Beaucoup ont exigé la levée, une fois pour toutes, du criminel blocus économique imposé par les États-Unis à Cuba, ce qui traduit un sentiment croissant et irréversible qui se fait jour dans tout l’hémisphère. Bien des orateurs ont parlé dans un esprit d’indépendance auquel Cuba adhère totalement.
La volonté d’intégration et de concertation des pays d’Amérique latine et des Caraïbes est de plus en plus manifeste. Cuba participe activement, et continuera de le faire, aux mécanismes représentatifs de ce que José Marti a appelé « Notre Amérique », du Rio Bravo à la Patagonie en passant par les Caraïbes insulaires.

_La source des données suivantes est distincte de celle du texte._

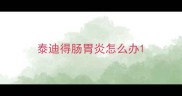 泰迪得肠胃炎怎么办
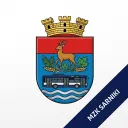 Fikcyjne MZK Sarniki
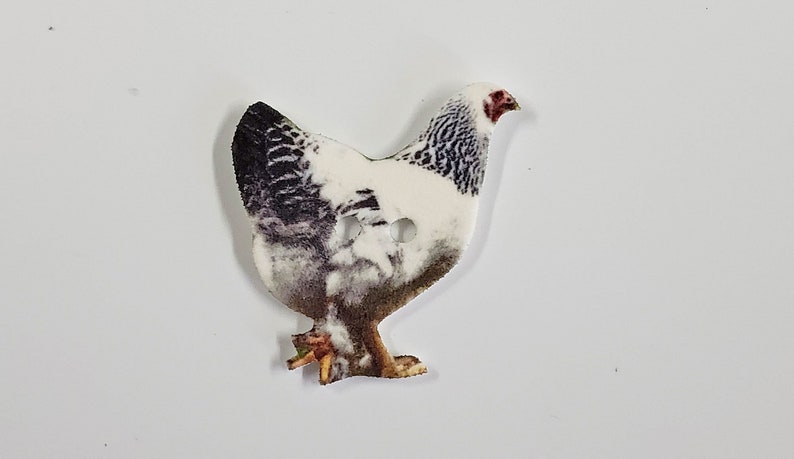 Poultry Buttons Chickens and Rooster Buttons - Set of 8 - Etsy
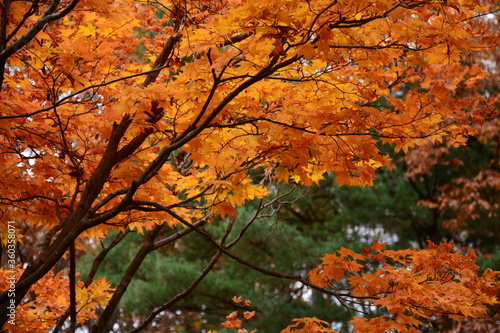 Autumn colors in Virginia
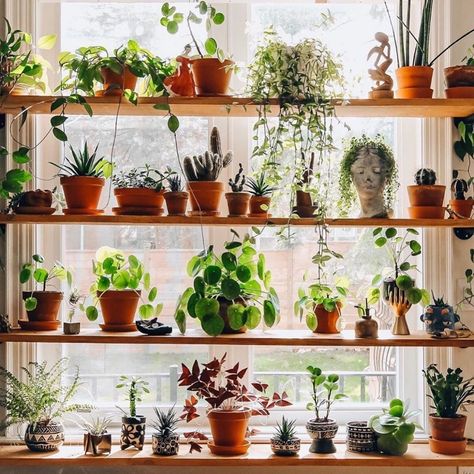 30 original Indoor Plant Decor Ideas. Find unique and fun ways to display your houseplant collection in your home... just like interior designers do! Fuchsia Aesthetic, Wednesday House, Window Plant Shelf, Plant Diary, Plant Goals, Plant Window, Window Plants, Window Shelves, Hanging Plants Indoor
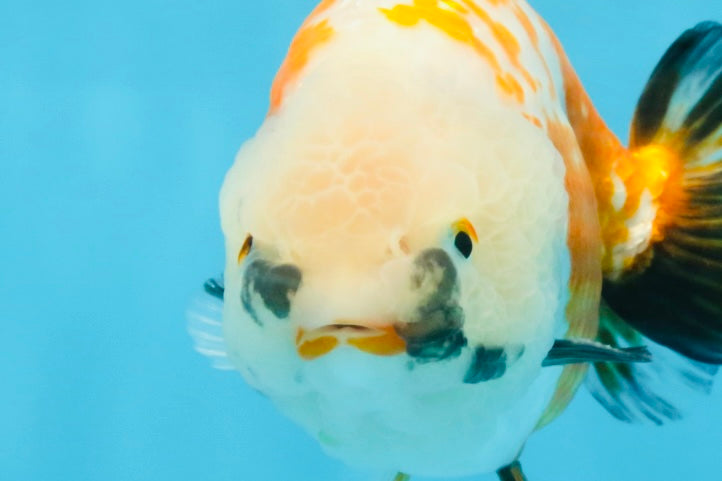 A Grade Tricolor LionKing 5-5.5 inches #112125LC_01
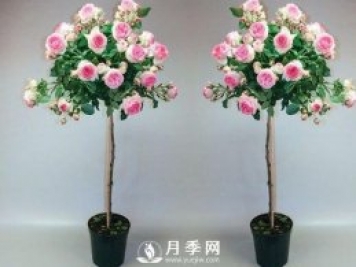 美哭！超級棒的棒棒糖迷你月季樹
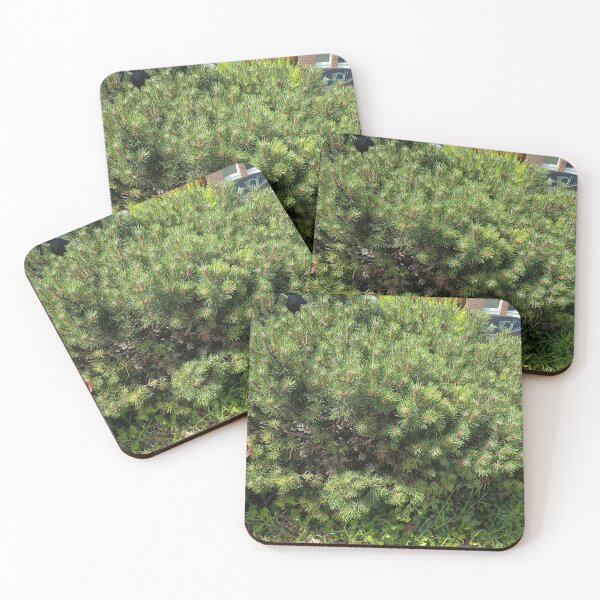 Item preview, Dwarf Pine Shrub in Sunlight designed and sold by PhuongVoArt.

Renforcer, élargir et harmoniser ces organismes et ces groupes : tel est la voie choisie par Cuba. Nous n’entretenons pas l’illusion bizarre de réintégrer une organisation qui n’admet pas de réforme et que l’histoire a déjà condamnée.
Le 4 février 1962, plus d’un million de Cubains rassemblés sur la place de la Révolution en assemblée populaire répondaient à la réunion consultative ignominieuse des ministres des Relations extérieures de l’OEA par la Deuxième Déclaration de La Havane, où l’on peut lire, textuellement :
« Si l’épopée de l’indépendance de l’Amérique latine fut grandiose et la lutte, héroïque, les Latino-américains d’aujourd’hui ont devant eux une épopée encore plus décisive à écrire, pour toute l’humanité. Les combats d’autrefois furent livrés contre le pouvoir colonial d’une Espagne décadente, envahie par les armées de Napoléon. Aujourd’hui, il nous appartient de livrer notre lutte de libération contre la plus puissante métropole impériale du monde et la force la plus importante du système impérialiste mondial : il s’agit de rendre à l’humanité un service encore plus grand que celui de nos prédécesseurs.
« Parce que cette grande humanité a dit : « assez ! » et s’est mise en marche. Et sa marche de géants ne s’arrêtera pas avant la conquête de la véritable indépendance, pour laquelle beaucoup sont déjà morts inutilement. »
Nous resterons loyaux à ces idéaux qui ont permis à notre peuple de préserver la liberté, la souveraineté et l’indépendance de Cuba.